#### DATA TO EXAMINE:
########################################

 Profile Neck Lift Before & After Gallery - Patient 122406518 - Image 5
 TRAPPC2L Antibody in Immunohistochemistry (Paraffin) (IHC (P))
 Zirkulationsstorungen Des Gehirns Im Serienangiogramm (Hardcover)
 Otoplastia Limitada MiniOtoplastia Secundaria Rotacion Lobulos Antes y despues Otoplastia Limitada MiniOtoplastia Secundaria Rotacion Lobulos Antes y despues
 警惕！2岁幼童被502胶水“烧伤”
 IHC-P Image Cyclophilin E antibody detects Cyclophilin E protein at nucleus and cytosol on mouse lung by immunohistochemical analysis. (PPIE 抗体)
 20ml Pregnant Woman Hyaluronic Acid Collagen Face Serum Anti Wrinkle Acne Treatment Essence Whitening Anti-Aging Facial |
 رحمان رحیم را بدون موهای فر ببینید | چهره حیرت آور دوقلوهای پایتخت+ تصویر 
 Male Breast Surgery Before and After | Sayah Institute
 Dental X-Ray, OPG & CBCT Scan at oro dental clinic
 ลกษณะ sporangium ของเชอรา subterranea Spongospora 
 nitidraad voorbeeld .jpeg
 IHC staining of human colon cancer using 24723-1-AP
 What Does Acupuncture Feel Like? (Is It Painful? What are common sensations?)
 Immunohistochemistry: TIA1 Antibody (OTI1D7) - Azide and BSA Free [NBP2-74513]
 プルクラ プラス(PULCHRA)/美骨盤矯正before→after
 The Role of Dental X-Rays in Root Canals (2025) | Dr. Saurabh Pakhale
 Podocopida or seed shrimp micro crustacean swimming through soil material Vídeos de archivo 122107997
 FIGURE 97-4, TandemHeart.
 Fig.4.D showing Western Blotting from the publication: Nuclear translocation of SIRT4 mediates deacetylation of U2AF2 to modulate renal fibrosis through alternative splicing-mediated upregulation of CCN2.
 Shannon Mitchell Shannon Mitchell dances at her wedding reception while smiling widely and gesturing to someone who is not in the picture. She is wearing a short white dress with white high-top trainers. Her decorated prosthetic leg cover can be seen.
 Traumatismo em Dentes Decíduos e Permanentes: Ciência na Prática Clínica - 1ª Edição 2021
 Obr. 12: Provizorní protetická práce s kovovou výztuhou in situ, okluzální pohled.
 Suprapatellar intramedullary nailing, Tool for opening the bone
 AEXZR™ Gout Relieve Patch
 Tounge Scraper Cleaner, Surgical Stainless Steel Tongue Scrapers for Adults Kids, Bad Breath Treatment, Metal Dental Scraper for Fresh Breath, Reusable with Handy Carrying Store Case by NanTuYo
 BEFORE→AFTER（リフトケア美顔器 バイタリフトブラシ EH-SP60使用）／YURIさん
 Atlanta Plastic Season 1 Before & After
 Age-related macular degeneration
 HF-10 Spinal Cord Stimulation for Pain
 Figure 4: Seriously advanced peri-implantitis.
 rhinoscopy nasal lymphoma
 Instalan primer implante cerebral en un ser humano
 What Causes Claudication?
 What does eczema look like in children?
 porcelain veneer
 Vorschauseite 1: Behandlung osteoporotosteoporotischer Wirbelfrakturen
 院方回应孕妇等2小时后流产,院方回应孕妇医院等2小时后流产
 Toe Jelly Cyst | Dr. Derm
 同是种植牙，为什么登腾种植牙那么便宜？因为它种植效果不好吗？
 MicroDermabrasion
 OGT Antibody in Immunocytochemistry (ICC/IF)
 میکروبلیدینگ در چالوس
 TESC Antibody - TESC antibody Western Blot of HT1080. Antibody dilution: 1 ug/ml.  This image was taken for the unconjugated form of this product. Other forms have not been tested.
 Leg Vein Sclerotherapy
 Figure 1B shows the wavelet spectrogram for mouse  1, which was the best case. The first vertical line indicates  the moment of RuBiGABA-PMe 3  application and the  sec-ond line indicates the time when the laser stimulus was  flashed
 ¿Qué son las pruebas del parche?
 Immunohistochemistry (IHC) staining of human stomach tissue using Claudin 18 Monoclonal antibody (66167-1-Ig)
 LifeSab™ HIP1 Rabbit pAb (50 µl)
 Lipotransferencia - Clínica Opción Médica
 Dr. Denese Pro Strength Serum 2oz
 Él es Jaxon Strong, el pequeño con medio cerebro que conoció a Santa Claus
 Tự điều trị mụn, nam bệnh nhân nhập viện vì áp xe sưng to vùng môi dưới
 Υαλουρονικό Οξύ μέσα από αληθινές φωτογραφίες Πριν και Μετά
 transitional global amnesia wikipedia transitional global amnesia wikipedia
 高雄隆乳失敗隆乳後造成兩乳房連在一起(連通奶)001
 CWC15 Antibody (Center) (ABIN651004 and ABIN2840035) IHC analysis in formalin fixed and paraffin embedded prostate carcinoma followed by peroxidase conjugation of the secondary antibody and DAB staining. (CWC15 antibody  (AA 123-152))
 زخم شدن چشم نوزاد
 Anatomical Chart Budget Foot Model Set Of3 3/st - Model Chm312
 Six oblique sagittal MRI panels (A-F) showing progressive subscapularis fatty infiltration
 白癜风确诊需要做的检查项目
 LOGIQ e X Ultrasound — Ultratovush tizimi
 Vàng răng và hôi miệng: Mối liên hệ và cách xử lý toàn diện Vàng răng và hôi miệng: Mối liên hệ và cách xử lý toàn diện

########################################

#### WHAT YOU HAVE TO DO:
Check each line of the data above for the word "Western" and copy the ones where it is found.

#### ANSWER TO THIS TASK:
 Fig.4.D showing Western Blotting from the publication: Nuclear translocation of SIRT4 mediates deacetylation of U2AF2 to modulate renal fibrosis through alternative splicing-mediated upregulation of CCN2.
 TESC Antibody - TESC antibody Western Blot of HT1080. Antibody dilution: 1 ug/ml.  This image was taken for the unconjugated form of this product. Other forms have not been tested.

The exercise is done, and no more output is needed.